Max Schmeling, der Protagonist des Buches, erfolgreicher Schriftsteller und Frauenschwarm erhält eine sonderbare Nachricht von einem Jugendfreund, der nur noch kurze Zeit zu leben hat. Er will, dass Max ihm einen letzten Gefallen tut. Max kann sich kaum noch an Tibor Schittkowski erinnern. Nur, dass dieser ihm zweimal das Leben gerettet hat, daran erinnert er sich noch halbwegs.

Das ist gar keine sonderlich spektakuläre Ausgangsposition, wer Menschen meuchelnde Psychopathen erwartet ist mit dem Roman nicht gut bedient.
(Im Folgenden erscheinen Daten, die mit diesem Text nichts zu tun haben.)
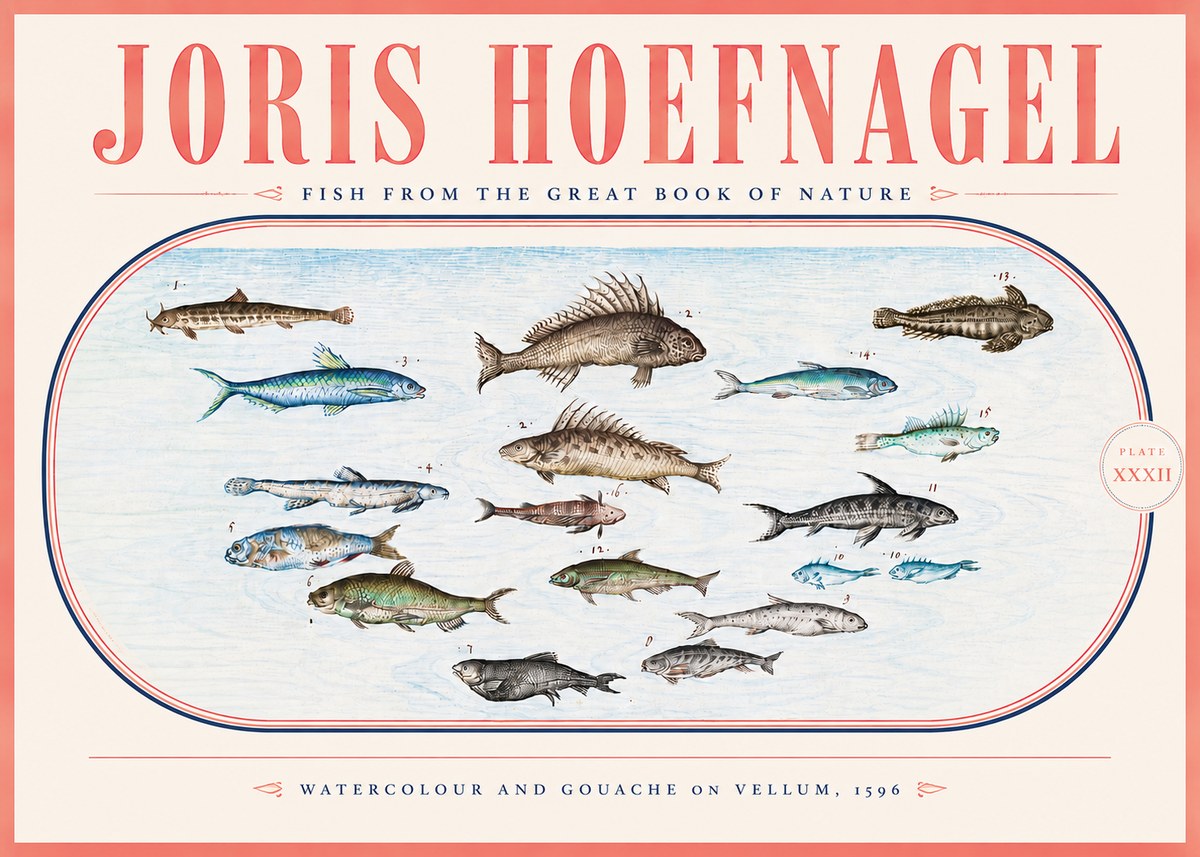 Joris Hoefnagel Fish from the Great Book of Nature No5 - Plakát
Es ist das alltägliche, das Zwischenmenschliche, was Hakan Nesser interessiert und er bohrt sich mit einer Bier Ruhe und sprachlicher Raffinesse in seinen Protagonisten, dass einem als Leser fast die Spucke wegbleibt. Es ist ein Buch der falschen Fährten, des Scheins, des Seins und des Betrugs mit einer genialen Grundidee. Eine Abrechnung, nicht ohne Humor. Auf seiner Art ein spannender Roman von emotionaler Tiefe, dem eigentlich die Genrebezeichnung Literatur gebührt.